■ About this task ■
Exactly reproduce the lines from the line that has "Impostor Syndrome. Person" down to the last line of the entries, inclusive.
++++ Exercise data
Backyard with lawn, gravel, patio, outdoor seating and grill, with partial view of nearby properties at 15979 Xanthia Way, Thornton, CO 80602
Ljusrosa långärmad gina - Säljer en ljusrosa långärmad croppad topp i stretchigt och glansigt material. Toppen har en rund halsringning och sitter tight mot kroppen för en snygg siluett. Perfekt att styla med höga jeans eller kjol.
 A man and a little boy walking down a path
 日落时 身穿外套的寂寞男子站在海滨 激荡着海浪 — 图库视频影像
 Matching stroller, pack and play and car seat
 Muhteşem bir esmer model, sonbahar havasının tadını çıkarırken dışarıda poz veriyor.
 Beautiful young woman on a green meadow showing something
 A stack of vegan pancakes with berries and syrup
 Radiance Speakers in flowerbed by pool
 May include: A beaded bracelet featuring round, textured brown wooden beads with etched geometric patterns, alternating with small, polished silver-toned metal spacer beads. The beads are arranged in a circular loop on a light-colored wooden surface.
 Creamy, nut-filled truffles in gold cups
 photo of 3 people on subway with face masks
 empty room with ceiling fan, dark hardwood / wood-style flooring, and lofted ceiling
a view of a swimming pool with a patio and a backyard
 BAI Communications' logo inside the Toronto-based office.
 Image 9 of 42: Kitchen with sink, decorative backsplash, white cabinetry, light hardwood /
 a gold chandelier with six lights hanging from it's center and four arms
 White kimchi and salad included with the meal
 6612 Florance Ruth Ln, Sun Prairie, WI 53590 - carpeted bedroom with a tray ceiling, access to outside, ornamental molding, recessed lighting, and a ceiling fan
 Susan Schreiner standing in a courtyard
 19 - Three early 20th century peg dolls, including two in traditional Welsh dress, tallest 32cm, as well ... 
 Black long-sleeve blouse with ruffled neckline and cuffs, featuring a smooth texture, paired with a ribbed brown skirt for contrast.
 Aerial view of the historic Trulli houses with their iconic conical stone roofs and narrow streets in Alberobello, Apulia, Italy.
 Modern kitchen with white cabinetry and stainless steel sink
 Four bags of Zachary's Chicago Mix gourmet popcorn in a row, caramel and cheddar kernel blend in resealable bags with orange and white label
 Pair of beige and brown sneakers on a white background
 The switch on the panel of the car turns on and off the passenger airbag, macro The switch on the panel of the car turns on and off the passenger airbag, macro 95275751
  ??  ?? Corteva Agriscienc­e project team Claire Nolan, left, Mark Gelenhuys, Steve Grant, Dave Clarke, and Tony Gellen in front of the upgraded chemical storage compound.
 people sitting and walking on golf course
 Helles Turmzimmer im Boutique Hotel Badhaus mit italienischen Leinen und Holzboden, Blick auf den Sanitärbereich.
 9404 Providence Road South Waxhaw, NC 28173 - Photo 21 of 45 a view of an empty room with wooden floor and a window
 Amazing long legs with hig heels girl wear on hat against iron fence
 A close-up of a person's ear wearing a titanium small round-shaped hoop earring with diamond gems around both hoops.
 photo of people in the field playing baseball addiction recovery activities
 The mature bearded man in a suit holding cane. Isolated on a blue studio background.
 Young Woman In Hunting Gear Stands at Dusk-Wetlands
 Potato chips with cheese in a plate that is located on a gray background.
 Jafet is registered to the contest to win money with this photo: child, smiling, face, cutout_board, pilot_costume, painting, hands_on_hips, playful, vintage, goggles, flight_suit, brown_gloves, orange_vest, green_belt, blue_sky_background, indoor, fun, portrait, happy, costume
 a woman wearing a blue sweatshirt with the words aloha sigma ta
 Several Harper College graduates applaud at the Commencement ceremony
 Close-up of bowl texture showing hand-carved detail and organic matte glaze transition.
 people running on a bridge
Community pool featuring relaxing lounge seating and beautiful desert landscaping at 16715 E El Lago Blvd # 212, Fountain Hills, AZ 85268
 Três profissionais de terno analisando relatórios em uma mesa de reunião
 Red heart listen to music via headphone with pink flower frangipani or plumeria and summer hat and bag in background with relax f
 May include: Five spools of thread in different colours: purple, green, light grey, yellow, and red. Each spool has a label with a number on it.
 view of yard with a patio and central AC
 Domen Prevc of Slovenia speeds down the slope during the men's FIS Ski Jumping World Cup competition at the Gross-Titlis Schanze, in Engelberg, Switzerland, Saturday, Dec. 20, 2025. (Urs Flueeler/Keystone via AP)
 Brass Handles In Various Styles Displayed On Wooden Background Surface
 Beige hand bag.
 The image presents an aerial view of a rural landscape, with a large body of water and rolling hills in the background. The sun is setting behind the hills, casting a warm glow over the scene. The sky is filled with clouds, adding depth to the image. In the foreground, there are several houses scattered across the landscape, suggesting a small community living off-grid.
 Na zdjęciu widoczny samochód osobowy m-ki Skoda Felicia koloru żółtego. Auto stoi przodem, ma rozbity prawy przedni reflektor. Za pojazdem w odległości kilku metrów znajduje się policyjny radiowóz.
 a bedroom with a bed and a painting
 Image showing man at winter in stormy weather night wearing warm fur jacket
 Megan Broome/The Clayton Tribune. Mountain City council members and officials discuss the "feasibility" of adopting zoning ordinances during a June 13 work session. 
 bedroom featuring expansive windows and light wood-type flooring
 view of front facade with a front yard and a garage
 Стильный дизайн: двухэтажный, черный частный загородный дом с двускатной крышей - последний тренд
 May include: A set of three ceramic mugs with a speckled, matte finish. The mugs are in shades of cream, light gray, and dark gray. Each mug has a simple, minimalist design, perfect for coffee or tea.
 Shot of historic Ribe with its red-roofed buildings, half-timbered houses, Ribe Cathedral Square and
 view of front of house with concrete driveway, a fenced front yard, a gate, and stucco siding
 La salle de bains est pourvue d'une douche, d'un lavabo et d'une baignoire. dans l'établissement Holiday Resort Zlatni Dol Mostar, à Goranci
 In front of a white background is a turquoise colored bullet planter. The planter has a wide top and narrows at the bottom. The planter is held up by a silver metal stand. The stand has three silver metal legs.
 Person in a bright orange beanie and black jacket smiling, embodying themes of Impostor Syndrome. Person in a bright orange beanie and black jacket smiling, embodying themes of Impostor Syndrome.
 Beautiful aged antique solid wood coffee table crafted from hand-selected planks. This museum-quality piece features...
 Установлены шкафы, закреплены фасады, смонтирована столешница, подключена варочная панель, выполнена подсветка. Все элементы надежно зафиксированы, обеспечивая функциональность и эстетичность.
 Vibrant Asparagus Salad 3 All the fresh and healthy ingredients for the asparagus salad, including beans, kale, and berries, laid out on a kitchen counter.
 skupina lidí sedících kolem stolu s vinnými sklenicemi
++++++++
■ Task answer ■
 Person in a bright orange beanie and black jacket smiling, embodying themes of Impostor Syndrome. Person in a bright orange beanie and black jacket smiling, embodying themes of Impostor Syndrome.
 Beautiful aged antique solid wood coffee table crafted from hand-selected planks. This museum-quality piece features...
 Установлены шкафы, закреплены фасады, смонтирована столешница, подключена варочная панель, выполнена подсветка. Все элементы надежно зафиксированы, обеспечивая функциональность и эстетичность.
 Vibrant Asparagus Salad 3 All the fresh and healthy ingredients for the asparagus salad, including beans, kale, and berries, laid out on a kitchen counter.
 skupina lidí sedících kolem stolu s vinnými sklenicemi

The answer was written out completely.